Le film de Julien Faraut est une véritable autopsie psychanalytique de cet échec, tant il ne cesse de s’efforcer de regarder dans la mauvaise direction, comme de mettre systématiquement en avant des images qu’on n’aurait jamais du voir, ainsi le preneur de son qui tape sur sa bonnette en indiquant le numéro de sa prise pour la synchronisation sonore plus tard au montage et qui, chaque fois, produit son petit poc ! A aucun moment le film ne dit à son public où il doit regarder, de temps en temps le film part en vadrouille, s’amuse de son propre casting (ben oui, les films ne sont pas si nombreux à pouvoir lister Lino Ventura, Vincent Lindon ou Jean-Paul Belmondo dans leur distribution, en fait ces géants du cinéma français en simples spectateurs), fait son propre making of ou encore fait semblant d’aller chercher des explications auprès d’un psychiâtre expert qui annone quelques évidences pour mieux tromper l’adversaire, nous-mêmes, ou encore le film cite à la fois pour la parole lapidaire et pour les astuces de montage rien moins que Jean-Luc Godard (et pour une fois qu’il est cité de façon non incantatoire, on ne peut que se réjouir).
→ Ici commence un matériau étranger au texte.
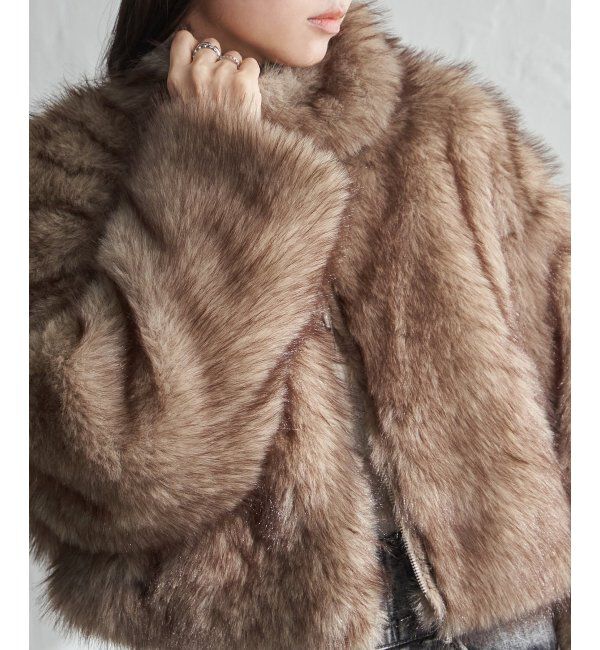 VENCE share style「フェイクファーショート丈ブルゾン」|ブルゾン・スタジャン|ブラウンケイ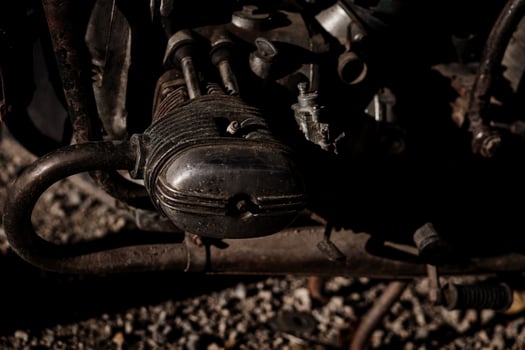 old, rusty motor bike photo
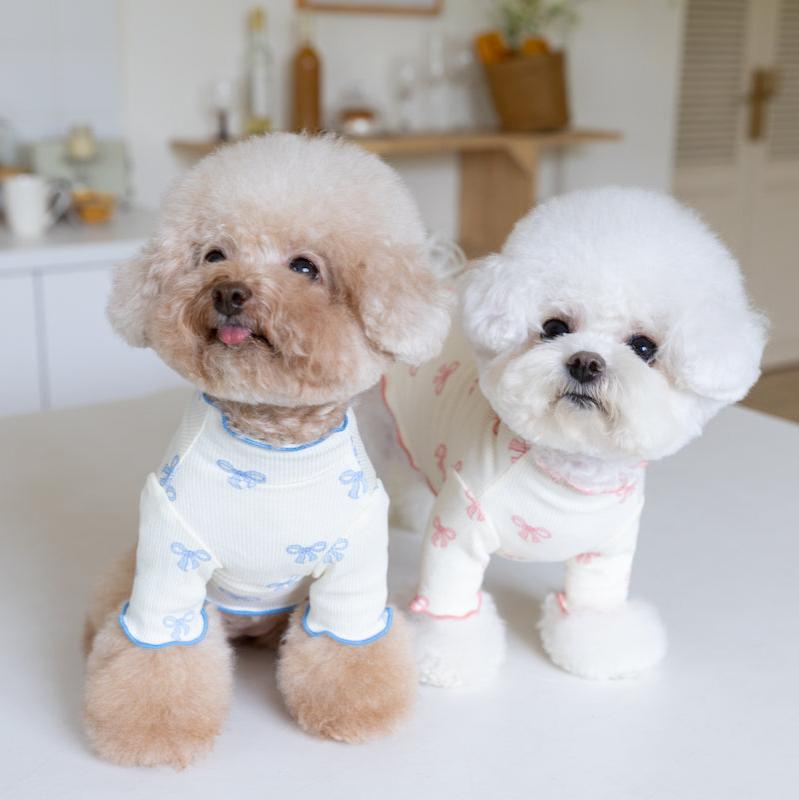 Bowknot Printed Ruffled Dog Cat Sweatshirt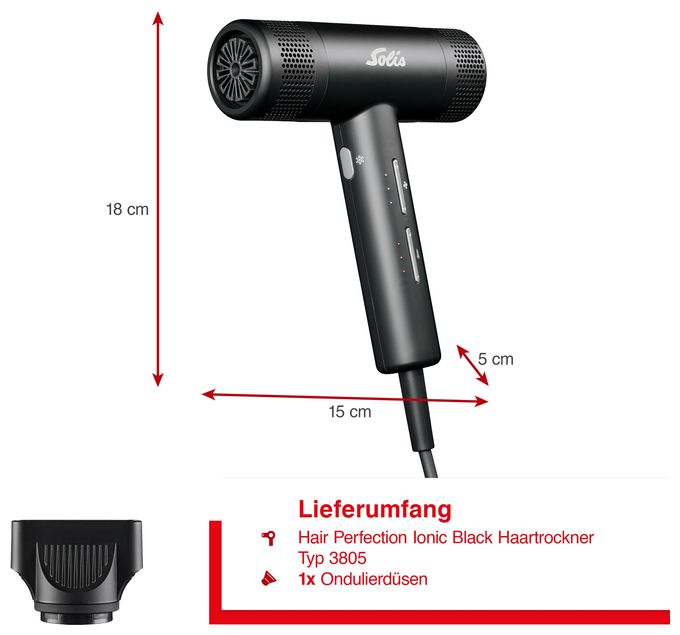 Haartrockner 1600 W  3805 Hair Perfection (Schwarz) 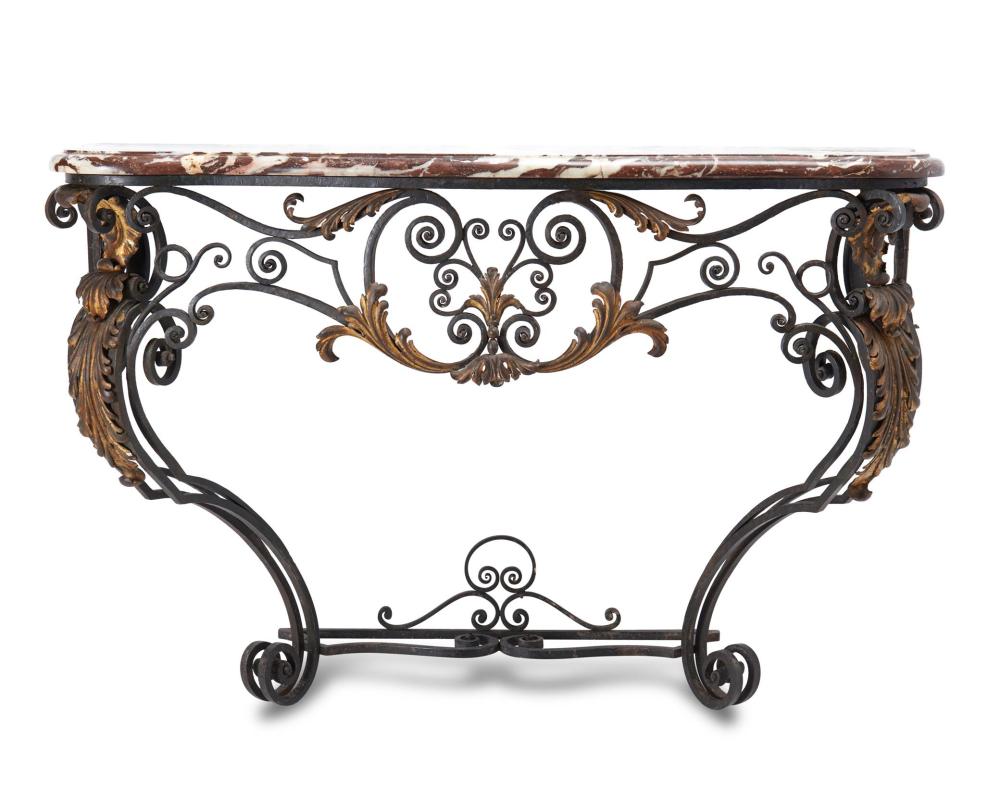 Appraisal: An Italian wrought-iron console table First-Quarter th Century The openwork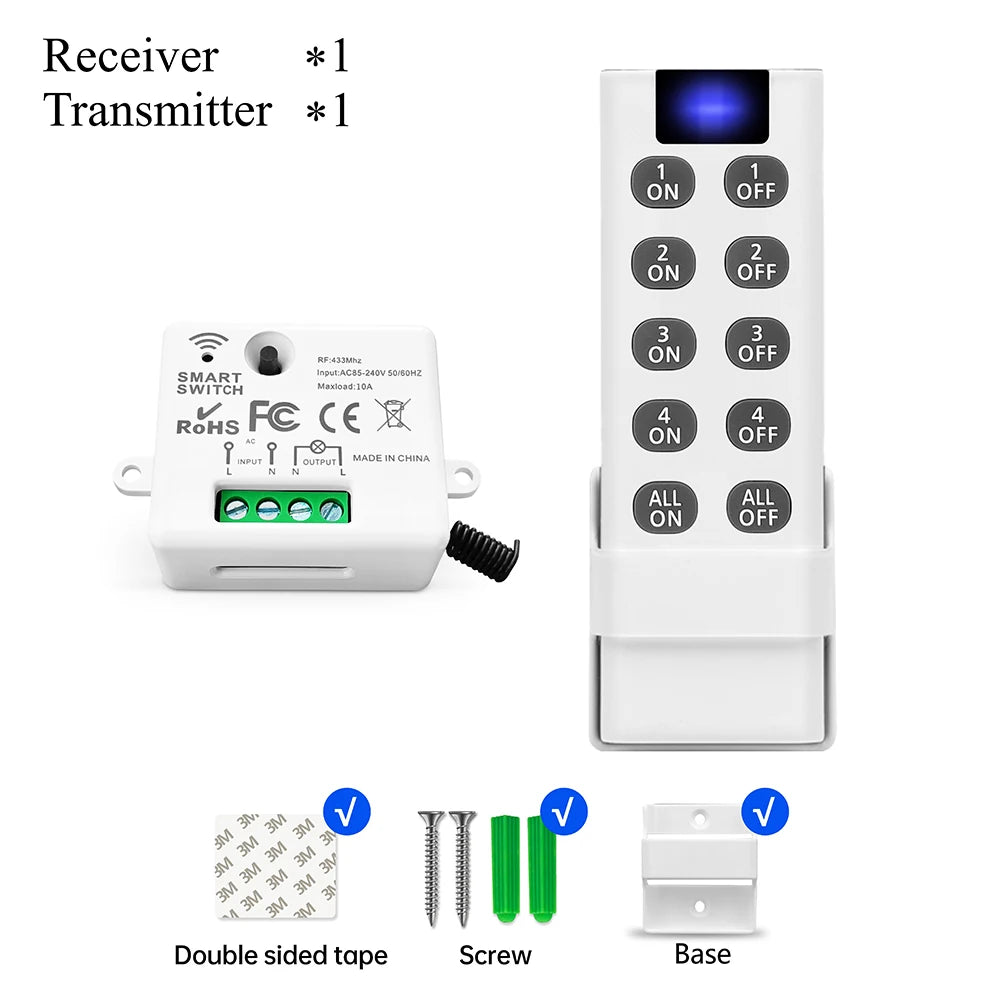 Smart Switch RF 4in1 Remote Control 433MHz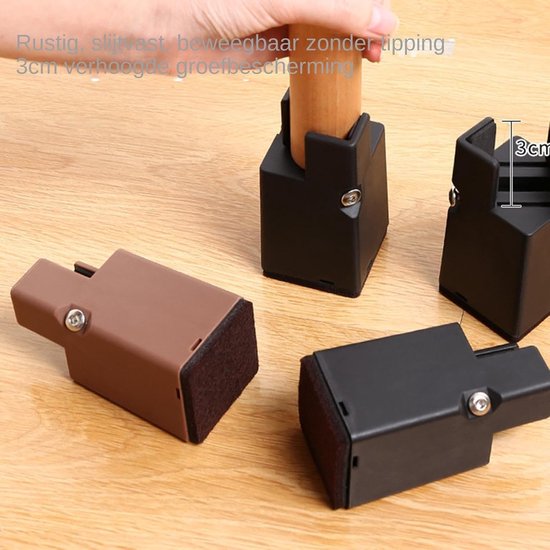 Tafelpoot Verhogers - Meubel Verhogers - Meubels Verhogen - Robuust Metaal - 5-10 cm Hoogte - Bruin van Merkloos — afbeelding 4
C’est un film presque parfait, rempli de défauts (ne serait-ce que la musique lourdissime de Serge Teyssot-Gay n’est pas Fred Frith qui veut) et dont le sujet est infiniment plus grand qu’il ne le laisse supposer, il est beaucoup moins question de tennis que de psychanalyse ou encore d’humanité, rappelant utilement sans doute que la perfection n’est pas de ce monde et que c’est l’immense grandeur du genre humain, devoir composer avec ses erreurs.